Use the group() method to create a $group pipeline stage to group documents by a specified expression and output a document for each distinct grouping.

Tip

The driver includes the Accumulators class with static factory methods for each of the supported accumulators.

The following example creates a pipeline stage that groups documents by the value of the customerId field. Each group accumulates the sum and average of the values of the quantity field into the totalQuantity and averageQuantity fields.

group("$customerId", sum("totalQuantity", "$quantity"), avg("averageQuantity", "$quantity"));

Use the unwind() method to create an $unwind pipeline stage to deconstruct an array field from input documents, creating an output document for each array element.

The following example creates a document for each element in the sizes array:

unwind("$sizes");

To preserve documents that have missing or null values for the array field, or where array is empty:

unwind("$sizes", new UnwindOptions().preserveNullAndEmptyArrays(true));

To include the array index, in this example in a field called "position":

unwind("$sizes", new UnwindOptions().includeArrayIndex("position"));

Use the out() method to create an $out pipeline stage that writes all documents to the specified collection in the same database.

Important

The $out stage must be the last stage in any aggregation pipeline.

The following example writes the results of the pipeline to the authors collection:

out("authors");

Use the merge() method to create a $merge pipeline stage that merges all documents into the specified collection.

Important

The $merge stage must be the last stage in any aggregation pipeline.

The following example merges the pipeline into the authors collection using the default options:

merge("authors");

The following example merges the pipeline into the customers collection in the reporting database using some options that specify to replace the document if both date and customerId match, otherwise insert the document:

merge(new MongoNamespace("reporting", "customers"),
new MergeOptions().uniqueIdentifier(asList("date", "customerId"))
.whenMatched(MergeOptions.WhenMatched.REPLACE)
.whenNotMatched(MergeOptions.WhenNotMatched.INSERT));

Use the graphLookup() method to create a $graphLookup pipeline stage that performs a recursive search on a specified collection to match a specified field in one document to a specified field of another document.
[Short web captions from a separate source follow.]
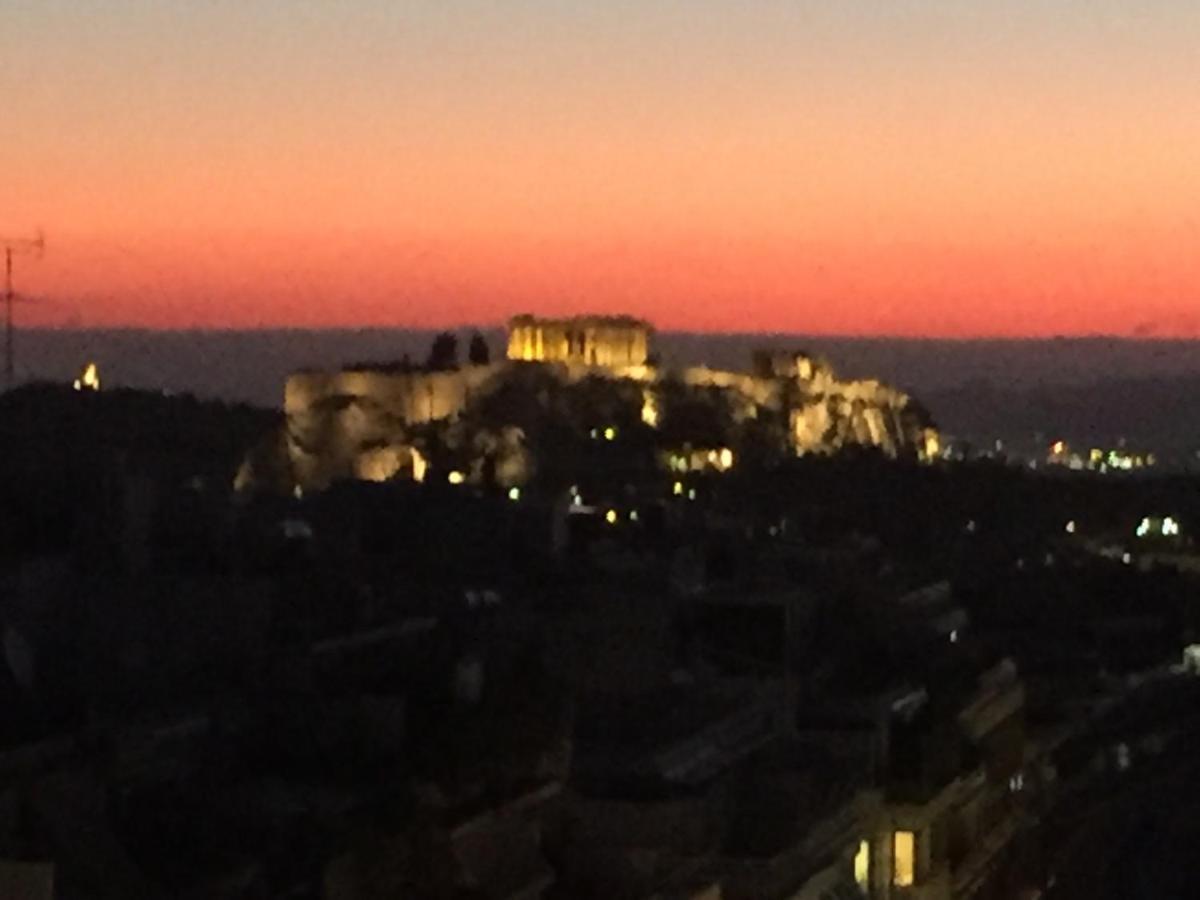 Kolonaki Penthouse Panoramic Acropolis View Lägenhet Aten Exteriör bild
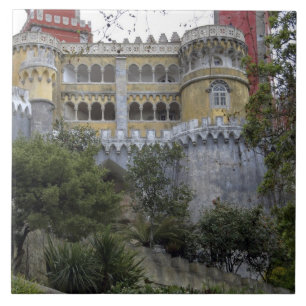 Azulejo De Cerámica Europa, Portugal, Sintra. La Pena Nacional 3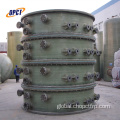  FRP GRP fiberglass material fume gas scrubber tower system Factory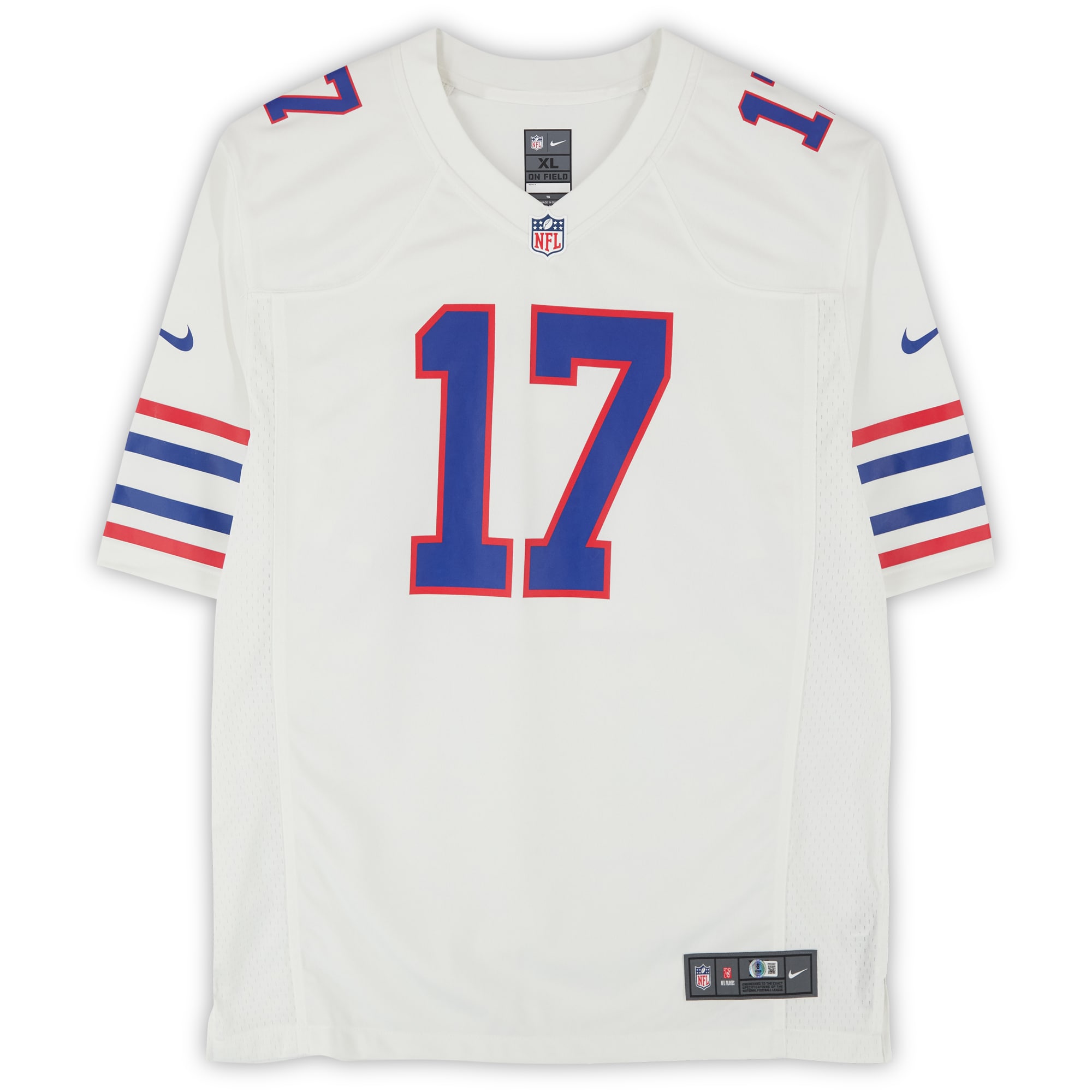 Josh Allen Buffalo Bills Autographed Nike White Throwback Game Jersey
The following example computes the social network graph for users in the contacts collection, recursively matching the value in the friends field to the name field:

graphLookup("contacts", "$friends", "friends", "name", "socialNetwork");

Using GraphLookupOptions, you can specify the depth to recurse as well as the name of the depth field, if desired. In this example, $graphLookup will recurse up to two times, and create a field called degrees with the recursion depth information for every document.

graphLookup("contacts", "$friends", "friends", "name", "socialNetwork",
new GraphLookupOptions().maxDepth(2).depthField("degrees"));

Using GraphLookupOptions, you can specify a filter that documents must match in order for MongoDB to include them in your search. In this example, only links with "golf" in their hobbies field will be included.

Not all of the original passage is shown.